Inevitably, we will all inherit some sort of failure through our journey called life. Through our struggles and guidelines we find success, which makes it appear that failure is a great step in becoming successful, although some may disagree, their point to argue is that their failure wasn’t great enough to notice, or acknowledge. But why, of all concepts we have to accept, does failure have to be the best to learn to live with?
After submitting an idea for our schools annual “Makerfaire”, my group and I progressed into building our project. Our idea was initially to create an Art Piece that was also an instrument. The first couple weeks within the time period we had to build our piece, was spent researching nodes, pitches and other different aspects within the world of sound. Another portion we had to finalize in our project was getting to know our way around the laser cutter and Adobe Illustrator. Once in our project, we had designed a prototype of the basic pieces that fit together to make a replica the trunk of a tree. We put the piece of cardboard into the laser cutter and began our work. About halfway through the process, something that had failure written all over it had occurred.
My group and I had forgotten to turn on the ventilation system below the laser cutter. The cardboard was almost finished being cut when I noticed a fair amount of smoke coming from the bottom of the piece. I turned to one of my group members, McClain, who had way more experience with the laser cutter than I did. “Don’t you think that’s a lot of smoke?” I suggested. “No it’ll be fine.” she protested. About three seconds later a chunk of cardboard collapsed into flames. McClain ordered 2 group members to go get water, since conveniently there was none in the water bottle we usually use, while McClain tagged along and left without any explanation. After almost half of the piece was being swallowed by a small fire, I turned to notice the assistant principal sitting right behind me, interviewing and filming 2 of my peers. I was alone with a fire that could potentially burn down the school.

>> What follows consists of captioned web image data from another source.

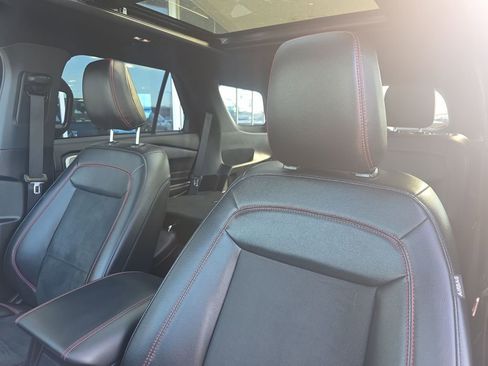 Certified 2023 Ford Explorer ST-Line w/ Class IV Trailer Tow Package image 21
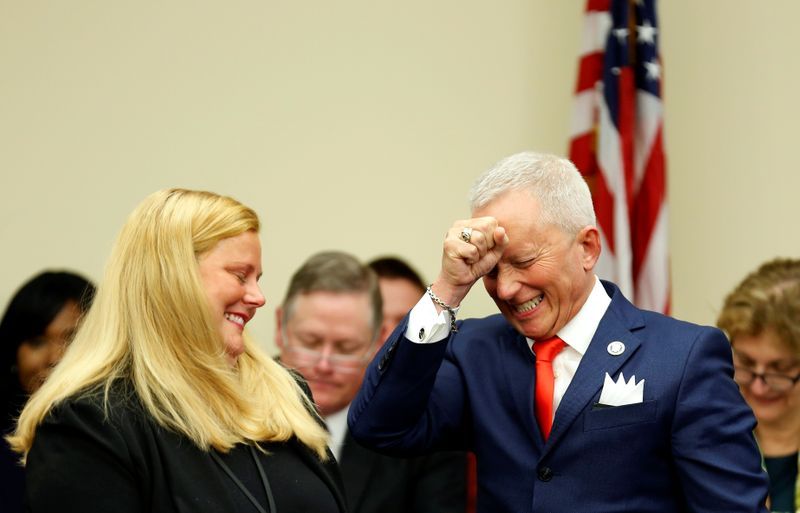 Republican congressman loses Virginia nomination after role in gay wedding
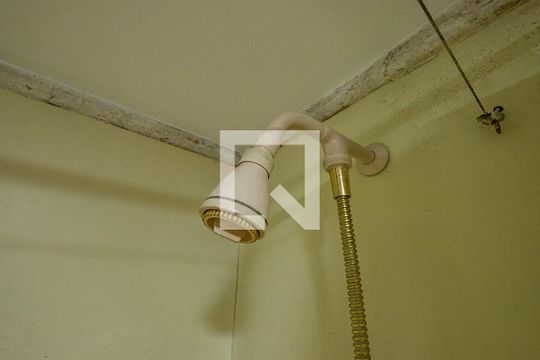 Banheiro de kitnet/studio para alugar com 1 quarto, 45m² em Jardim Paulista, São Paulo
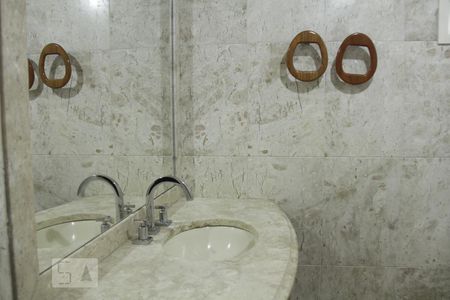 Banheiro de apartamento à venda com 2 quartos, 96m² em Higienópolis, São Paulo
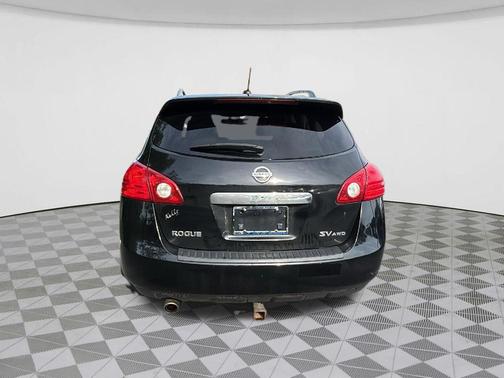 Super Black Metallic 2011 Nissan Rogue SV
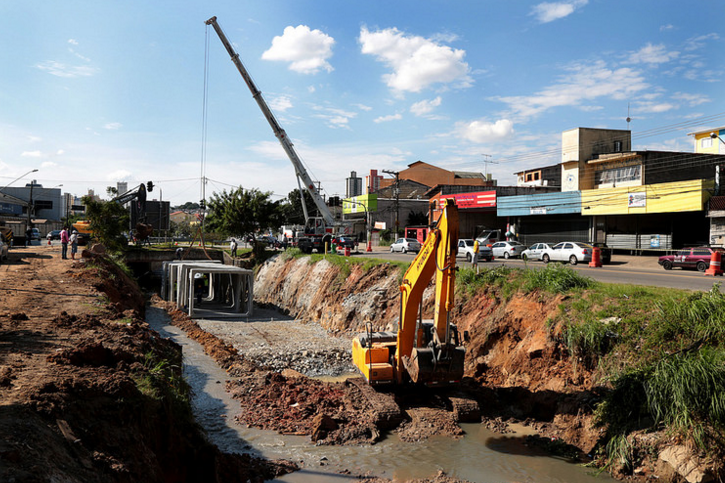 Obras sofreram interrupção mas não pararam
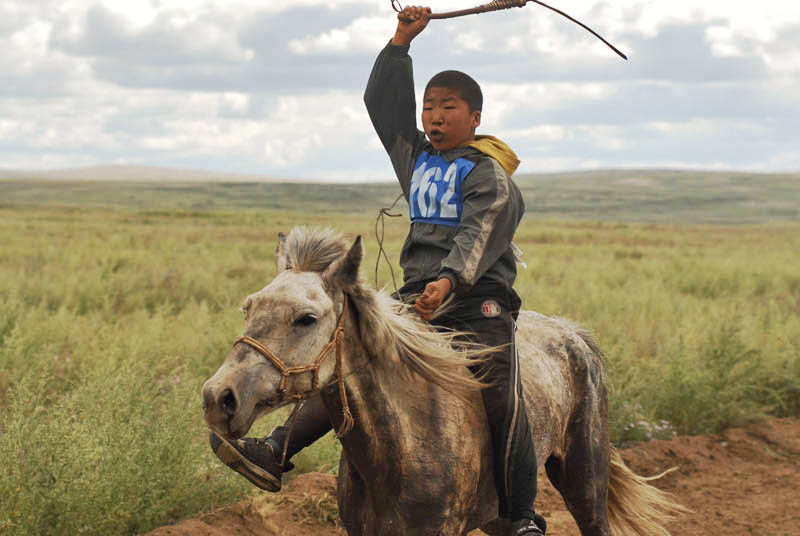Les Touvains ont coutume de se reposer, de dormir, de manger et de boire à cheval – un nomade peut être à cheval de l'aube au crépuscule, ses pieds ne touchant le sol. Par ailleurs, la selle n'est pas obligatoire: beaucoup préfèrent monter à cru.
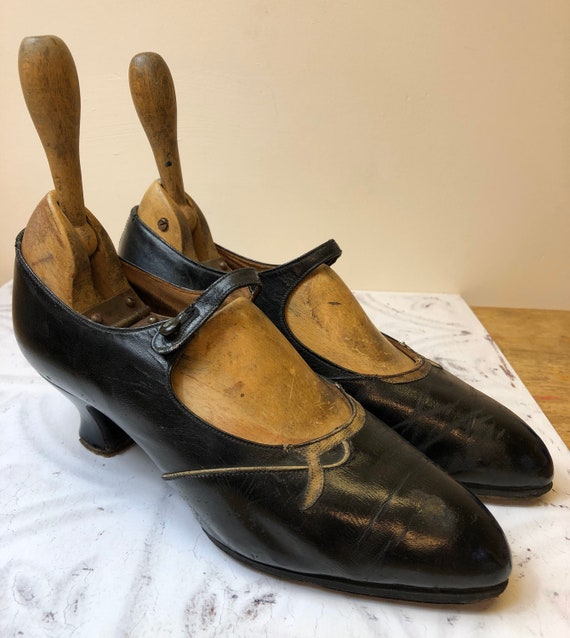 Antique Edwardian shoes from 1910-1920’s Leather s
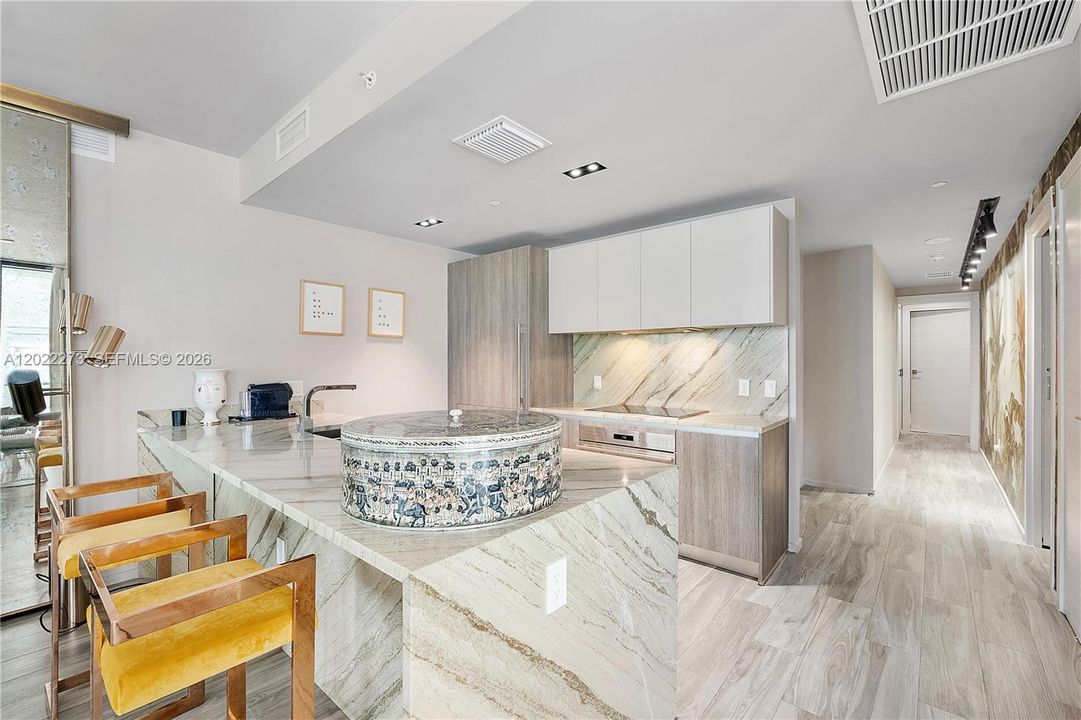 For Sale: $975,000 (3 beds, 3 baths, 1368 Square Feet)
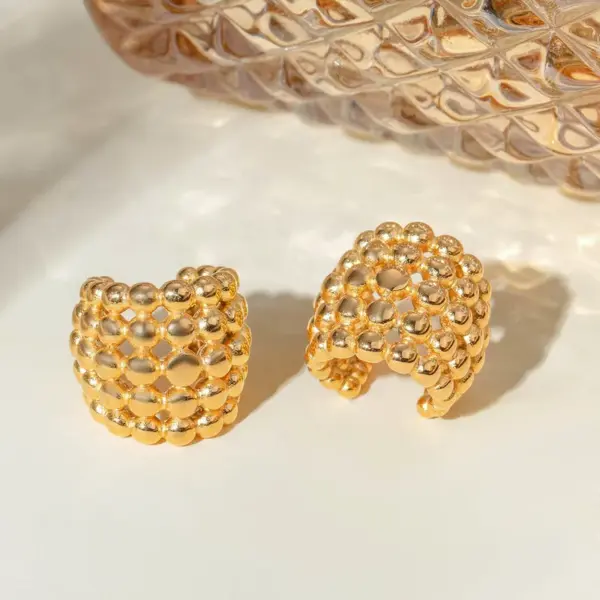 Wholesale 304 Stainless Steel C Shape Solid Color PVD Coated 18K Real Gold Plated Real Gold Plated 18K Gold Vacation Simple Style IG Style Waterproof Non Tarnish Asymmetrical Gold Ear Cuffs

My group members returned with the water, and we silently removed the flaming piece from the machine without notice. Before any of us could do anything about the fire, Olga, another group member threw the flaming cardboard into a plastic trashcan. I panicked and threw all the water into the bin before any other mistakes could take place. The fire was out and nothing was damaged.
Although we could have been responsible for a what could have been a disaster, we later learned the proper way to put out a lasered fire. In the end, it was a great mistake to make and we learned a lot from it. Without that hiccup in our project, we could have burned our final piece or any other product that wasn’t that easy to extinguish. I’m very glad to say we fell in our experience, but getting back up was the best part.